Bugünden yazıyorum: Sakın atlamayın, yarın (pazar günü) SABAH'ı alırken, bayiden mutlaka NEW YORK TIMES ilavesini de isteyin.
Artık okurlarımız her pazar, dünyanın en saygın gazetelerinden NEW YORK TIMES'tan yapılan kapsamlı bir Türkçe derlemeye sahip olacak.
Bu yayın gerçekten önemli...
Çünkü ABD'den Japonya'ya, gelişmiş ülke kökenli şirketlerde 'marka bilinci' gayet yüksektir.
Asla sadece kazanacakları paraya bakmazlar.
Yönettikleri markanın itibarını da korumak için titizlenirler.
NEW YORK TIMES gibi bir markanın SABAH ile işbirliği yapması işte o açıdan da çok önemli.
'İş bilir' Amerikalıların bu ortaklığı her bakımdan tatmin edici bulduğunu gösteriyor.
NEW YORK TIMES'ın Türkiye'de de yayınlanmasını sağlayan tüm arkadaşlarıma kocaman bir bravo!
***
Bu vesileyle
Wall Street Journal (WSJ) olayını hatırlatmak isterim.

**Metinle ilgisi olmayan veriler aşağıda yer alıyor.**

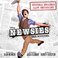 Newsies (Original Broadway Cast Recording) (With John Dossett, Ben Fankhauser, Jeremy Jordan & Jack Feldman) Mp3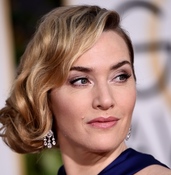Kate Winslet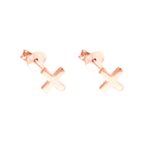 Co88 Collection 8ce-70035t (8CE-70035T)  JEWELRY_main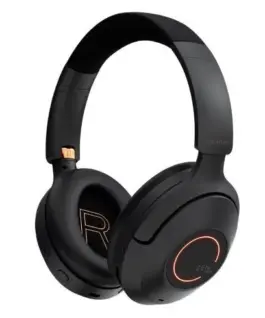 Creative Labs Zen Hybrid PRO слушалки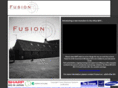 go2fusion.co.uk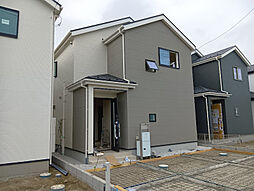 リナージュ玉村斎田第2期全8棟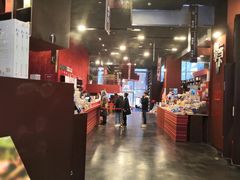 -当当梅溪书院(步步高梅溪新天地店)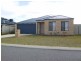 16 Voltaire Way, Secret Harbour WA 6173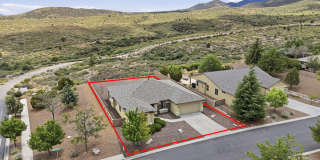 1000 N Wide Open Trail Gallery 83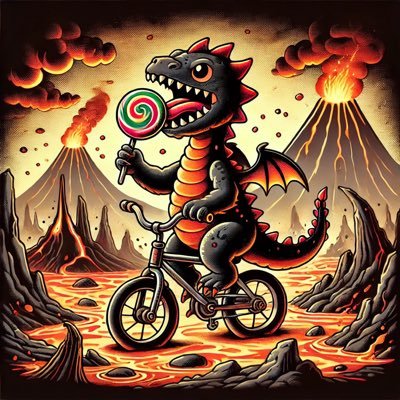 J_Dubskeez's profile picture. Opines of the Unhinged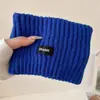 Linda Diadema de Peluche de Dibujos Animados para Mujer, Otoño e Invierno, Impermeable y Antideslizante, Celebridad de Internet Nuevo Accesorio para el Cabello 2026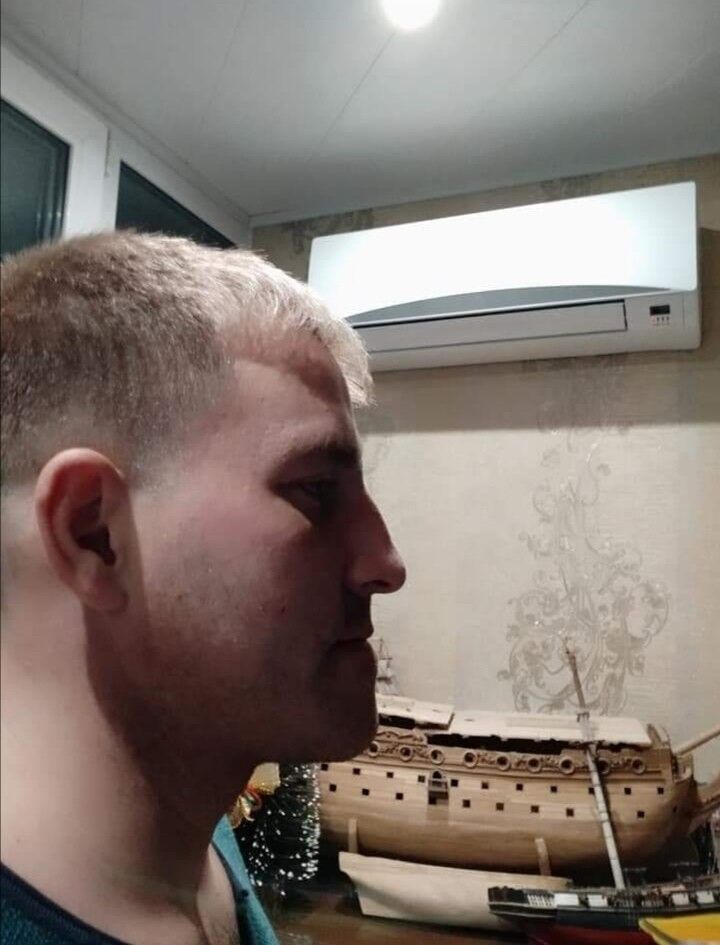  18687375  , 36 ,    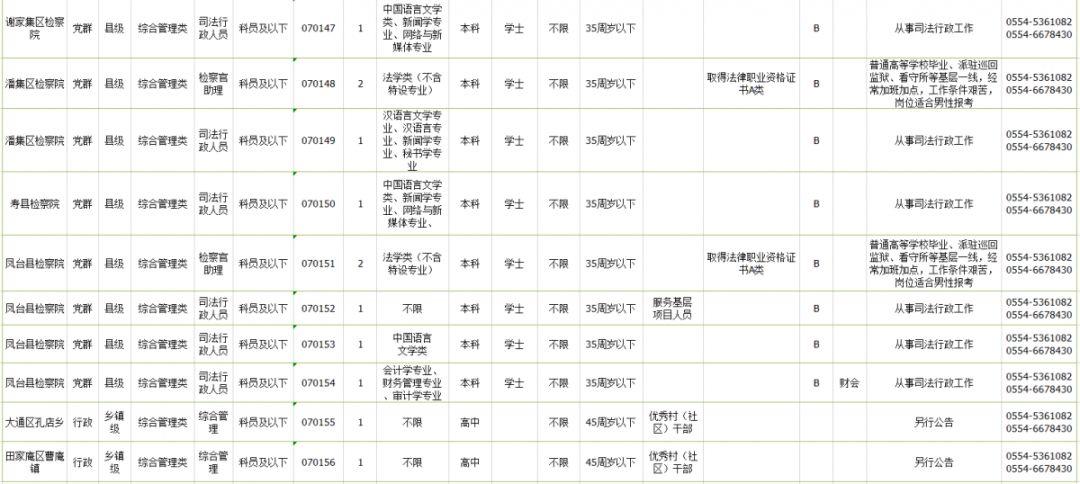 国家公务员招考网官网入口，公务员招考门户探索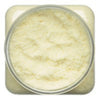 Pedi-Redi Lemon Pineapple Coconut / 65 oz. by Maxim
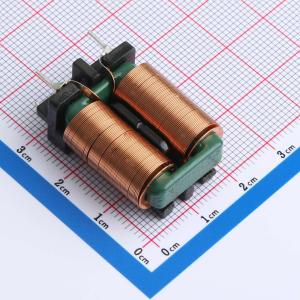 XRSQ2418-20mH-V-1013商品缩略图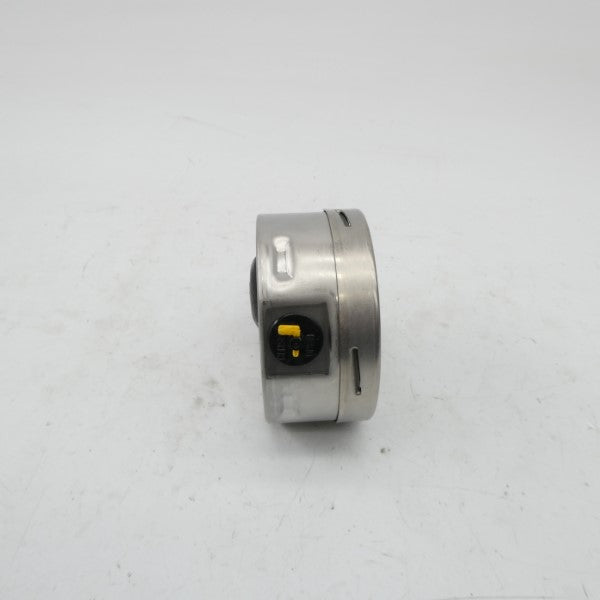 WIKA 1105285184 600PSI NSNP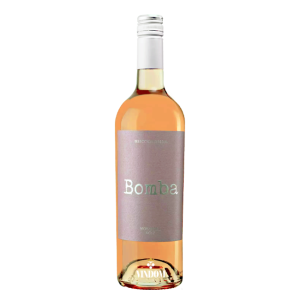 Bomba, Rosado, Monastrell, Seleccion Especial, Rosé Vindom Wine Boutique Wijn uit Oude & Nieuwe Wereld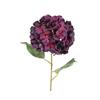 Luxury Hydrangea Stem 68cm
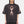 Carica immagine nel visualizzatore della galleria, Y2K WORLD FIRE SOCCER TEE
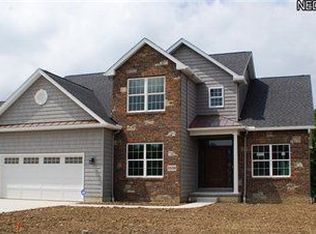 2538 N Long Rd, Avon, OH 44011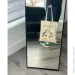 - Bookopt  4088 ³. ³ -    
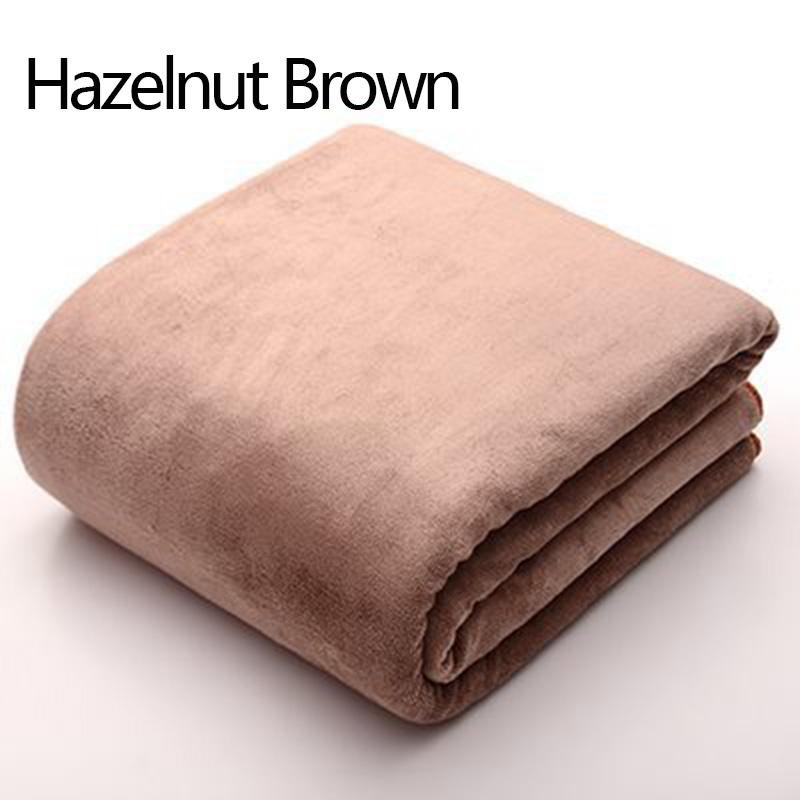 Beauty salon large bath Towels For Home UsebathTowels for Adults Wholesalw Absorbent Soft body Wrapping and More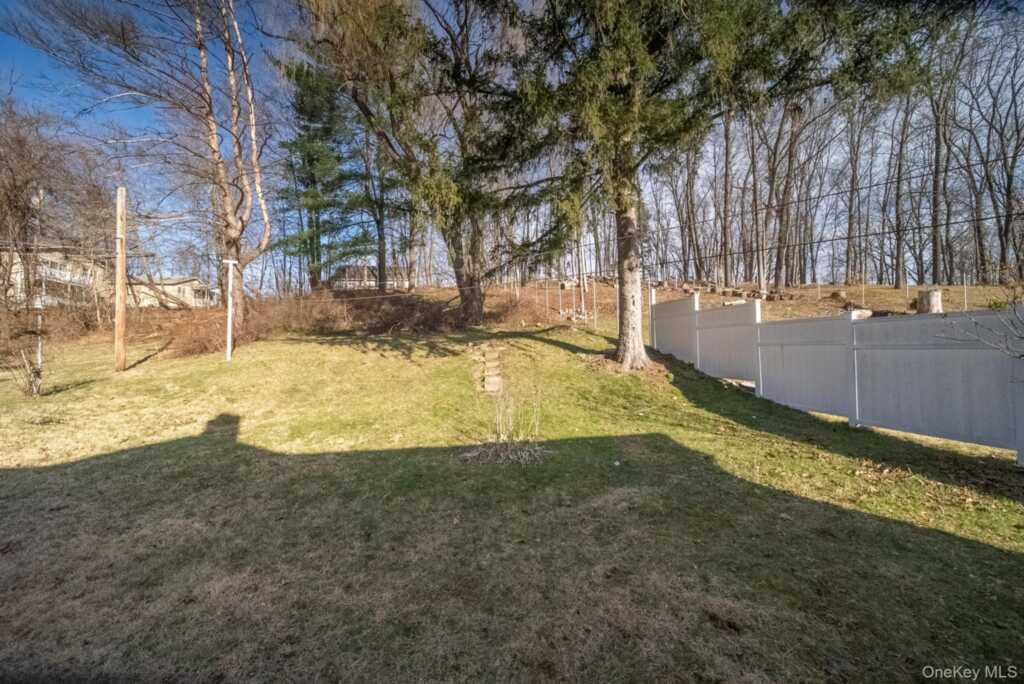 272 E Chester Street, Kingston, NY 12401 - Photo 23 of 25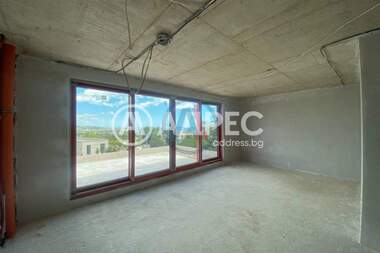 For sale - House in Trakata,  Varna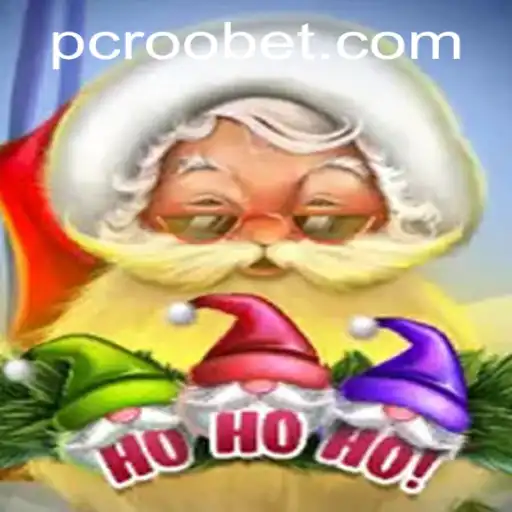 Exploring the Exciting World of 'HoHoHo' on Roobet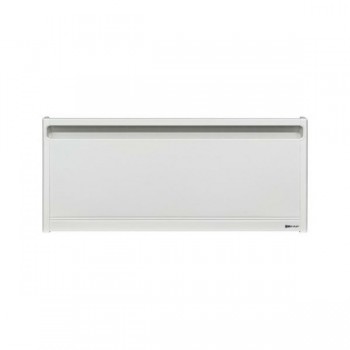 Radialight Stylo Θερμοπομπός 1500w (3 άτοκες δόσεις)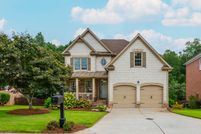 Property for sale in Fulton County, Georgia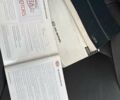 Сірий Кіа Соренто, об'ємом двигуна 2.2 л та пробігом 199 тис. км за 13600 $, фото 26 на Automoto.ua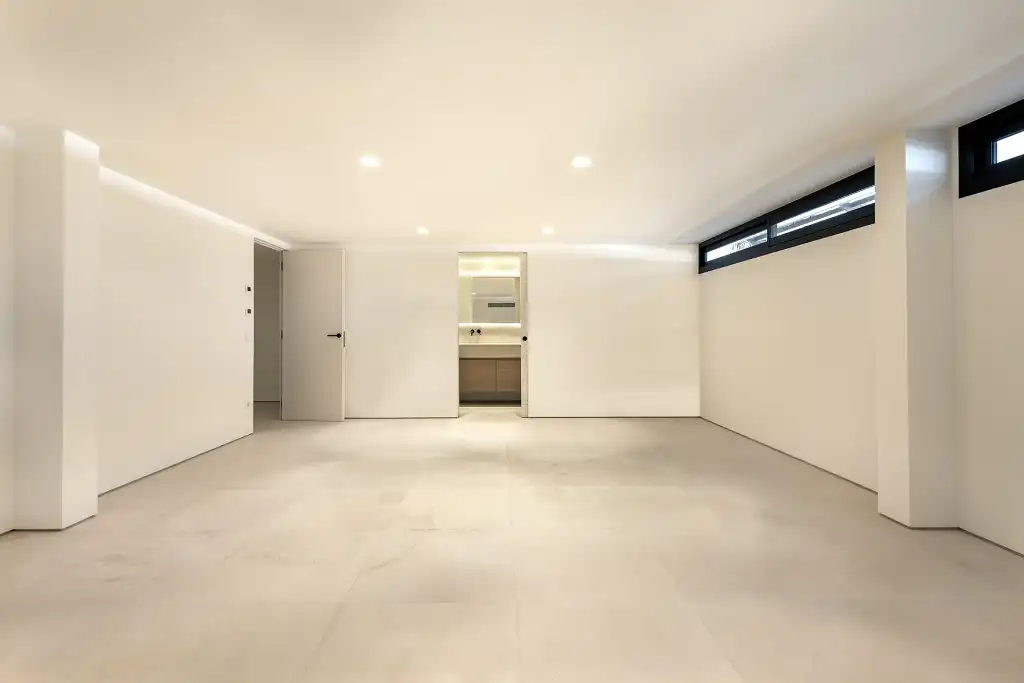 Casa o chalet en venta en Port d'Alcúdia - Platja d'Alcúdia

1990'ların ikinci yarısında
Milliyet, WSJ ile anlaşmıştı.
Sadece ABD iş çevrelerine değil, İngiliz
Financial Times ile birlikte, dünya girişimcilerine yol gösteren bir gazetedir WSJ.
Hele üç yıldızlı
Michelin lokantalarından
F1 yarışlarına, ilginç konuları "her açıdan" inceleyen makaleleri!..
Olağanüstüdür. İlk cümleyi okuyun bir daha elinizden bırakamazsınız...
Ancak Milliyet o işin devamını getirmedi. WSJ'yi çıkarmakta sebat etmedi.
En küçük bir krizde feda ettiği diğer 'destekçi markaları' (daha doğrusu, henüz markalaşamamış yayınları) gibi WSJ'den de kolayca vazgeçti.
Halbuki bu tip olaylarda sabırlı olmak gerekir. Bir ürünün tüketicinin zihnine kazınarak markalaşması zaman alıyor.
Ama bir kere markalaştı mı, silinmesi kolay olmuyor.
Bunun en güzel örneği SABAH gazetesinin ta kendisi değil mi?
Not: Pazar günü "bizim" NEW YORK TIMES'ı okuyun, inceleyin, salı günü üzerine biraz daha konuşuruz.